Visiting Lecture Course: Modelling time-varying features of speech: tools and methods
- Education level
- AddCours
- Term
- Summer
- Lecturers
- External lecturers
- Michele Gubian
Short CV: Michele Gubian
Michele Gubian obtained a Master of Engineering degree from Polytechnic University of Milan (Italy) in 2004 with final thesis in automatic speech recognition carried out at STMicroelectronics labs. After that he pursued a Doctoral degree in Information and Communication Technology at the university of Trento (Italy), with a thesis on statistical methods for smart sensor design.

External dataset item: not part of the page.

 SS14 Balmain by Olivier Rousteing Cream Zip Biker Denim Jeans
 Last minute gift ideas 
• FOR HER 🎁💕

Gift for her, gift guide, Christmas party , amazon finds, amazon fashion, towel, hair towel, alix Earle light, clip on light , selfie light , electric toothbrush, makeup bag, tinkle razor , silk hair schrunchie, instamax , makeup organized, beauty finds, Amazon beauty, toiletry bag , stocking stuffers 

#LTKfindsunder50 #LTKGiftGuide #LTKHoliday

Since 2008 Michele works in the academic field of phonetics and psycholinguistics, mainly focusing on statistical methodologies and simulation. Between 2008 and 2014 he was with the Centre for Language and Speech Technology at the university of Nijmegen (the Netherlands), working on two projects. The first one within the Marie Curie Research Training Network Sound2Sense allowed him to develop new ideas for the statistical analysis of speech-related dynamic signals. In the second project Michele worked on a software prototype aimed at simulating some cognitive processes involved in first language acquisition. Between 2014 and 2018 Michele joined the School of Experimental Psychology at Bristol University (UK), where he worked on the development of a software platform for the simulation of cognitive processes involved in visual word recognition. Since 2018 Michele joined the Institute of Phonetics and Speech Processing at LMU Munich (Germany), where he currently works on agent-based simulation of sound change.
Abstract
The quantitative analysis of speech production, whether based on acoustic features like formant tracks (e.g. F1 and F2) or on electromagnetic articulography (EMA) or other forms of articulator imaging, involves the exploration, formulation and testing of hypotheses on some dynamic aspects of the involved signals. For example, analysing the degree of diphthongisation of a vowel in different contexts/dialects entails the analysis of (at least) F1 and F2 tracks shapes; similar considerations apply to alignment patterns of pitch accents with respect to syllable boundaries, as well as to the effects of coarticulation on the shape of one or more articulator trajectory, e.g. tongue dorsum reaching the palate to realise a closure.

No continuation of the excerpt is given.